In 2013, Mozambique continued to feed international interest in its petroleum sector with additional discoveries of reserves, multi-billion dollar transactions and major changes in line for the fiscal and regulatory environment.
Anadarko and Eni, respectively operators of Area 1 and Area 4, offshore Mozambique, separately announced additional gas discoveries in 2013. With an estimated 170 tcf of gas reserves in the two Areas, it has been publicly reported that:
- discussions between the operators continue in relation to upstream unitisation of gas deposits straddling their concession areas;
- further progress is being made towards a joint onshore liquefaction facility with the announcement of co-operation on a feasibility study and joint development of proposed midstream liquefaction facilities;
- discussions have focused on LNG facilities set out in 5 development stages, each stage having 2 LNG trains of about 5 million tonnes per year; and
- the first such stage is planned for completion in 2018/2019.

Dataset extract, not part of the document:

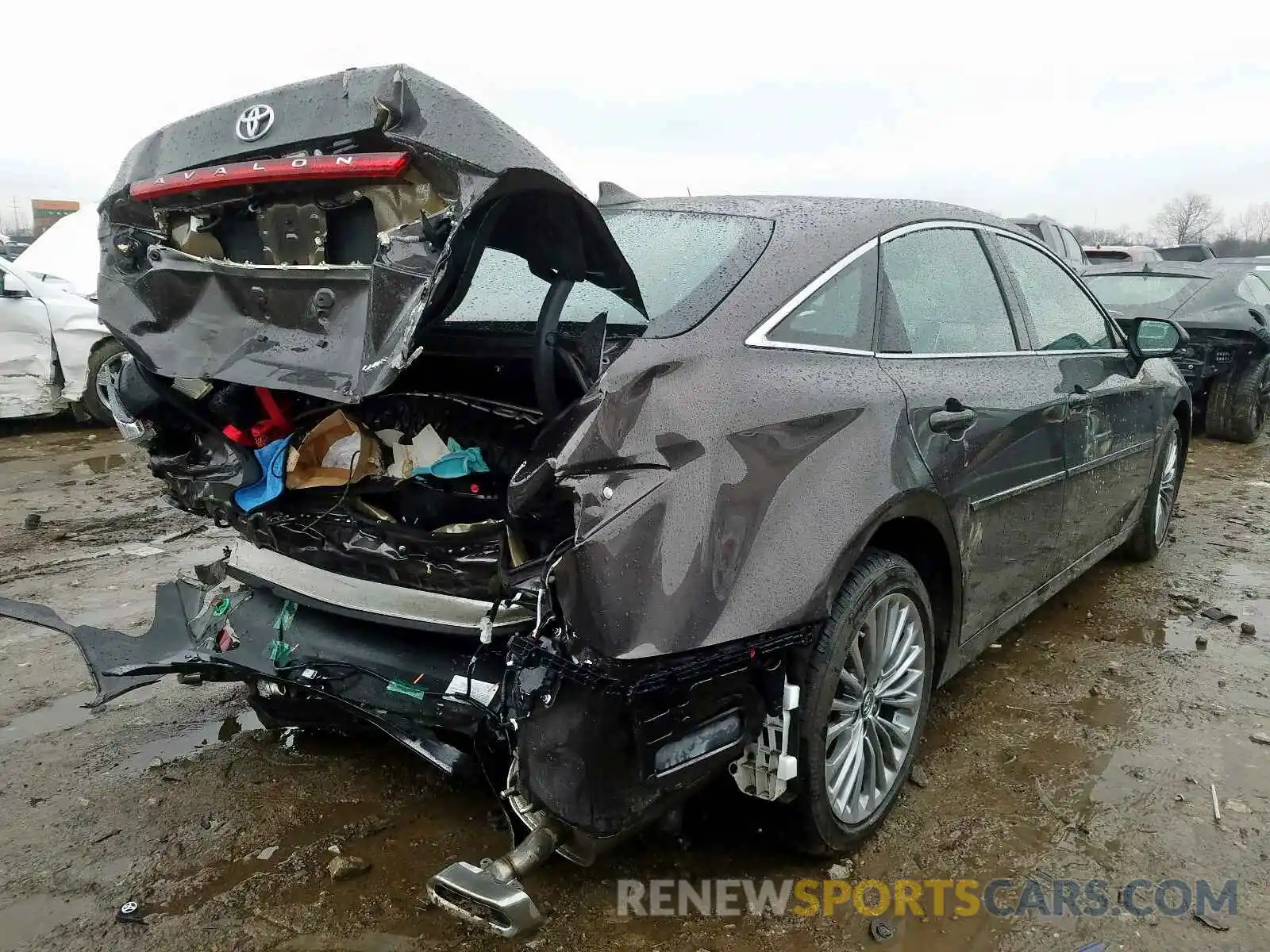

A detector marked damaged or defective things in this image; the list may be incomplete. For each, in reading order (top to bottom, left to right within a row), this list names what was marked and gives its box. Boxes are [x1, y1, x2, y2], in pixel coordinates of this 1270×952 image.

This past year also saw significant transactions from leading Asian energy companies in both Area 1 and Area 4 as China National Petroleum Corporation (CNPC) and India’s Oil and Natural Gas Corporation (ONGC) completed multi-billion dollar investments that saw them each with a 20% interest in Area 4 and Area 1 respectively.
Even with large gas discoveries significant oil finds appear to remain elusive in Mozambique. In September 2013, Statoil and Tullow announced that their exploration well in Area 2 of the Rovuma basin, offshore Mozambique which was specifically aimed at potential crude oil deposits did not encounter any hydrocarbons and was plugged and abandoned.
On the fiscal front, in 2013 the Government introduced new capital gains tax rules. Under the previous tax rules the rate of capital gains tax payable on sale of Mozambican natural resource assets declined progressively the longer the underlying asset was held such that, after five years, the effective tax rate was 9.6% on the gains made from the sales of such assets. Further, the previous capital tax rules generally did not apply to the sale of shares in a foreign company holding such assets in Mozambique.
Under the new capital gains tax rules (effective from 1 January 2014), the capital gains tax rate is 32% with no reduction for the length of the holding period of the asset and applies to offshore sales of shares of a company which involve an underlying asset based in Mozambique.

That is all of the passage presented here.